# Work order
Begin at the line that has "If you would", stop after the line that has "Open an existing", and print exactly those lines from the records below, without any pictures.

# Data records

Segment Open

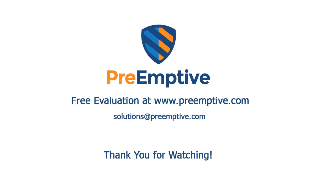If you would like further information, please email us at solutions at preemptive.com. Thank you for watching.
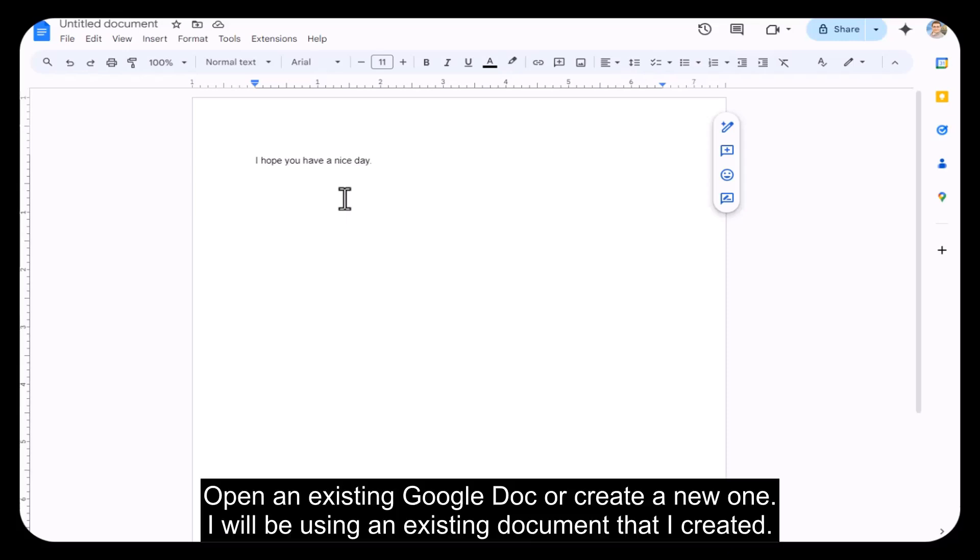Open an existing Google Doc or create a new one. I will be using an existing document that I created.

Segment Closed
Segment Open

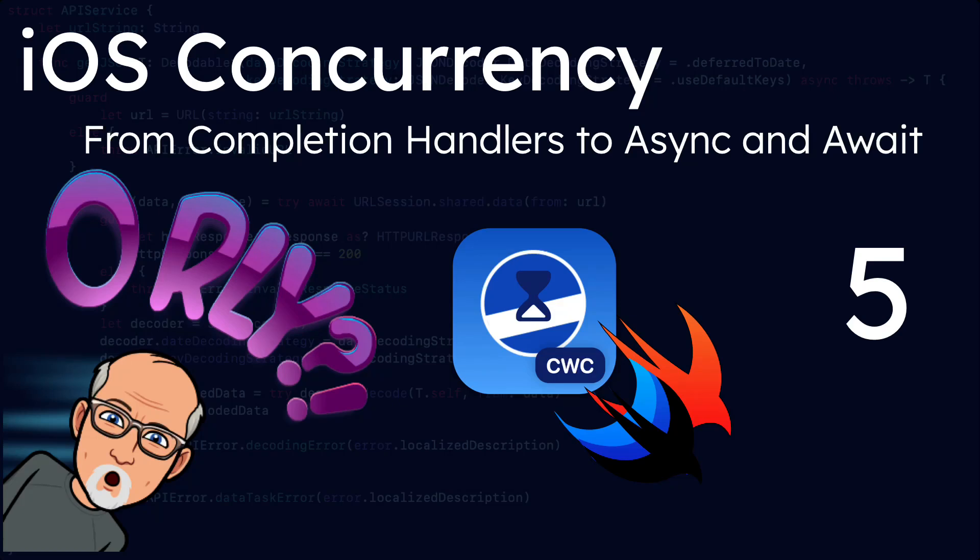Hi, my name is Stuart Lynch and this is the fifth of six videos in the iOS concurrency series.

Segment Closed

# Written solution
If you would like further information, please email us at solutions at preemptive.com. Thank you for watching.
Open an existing Google Doc or create a new one. I will be using an existing document that I created.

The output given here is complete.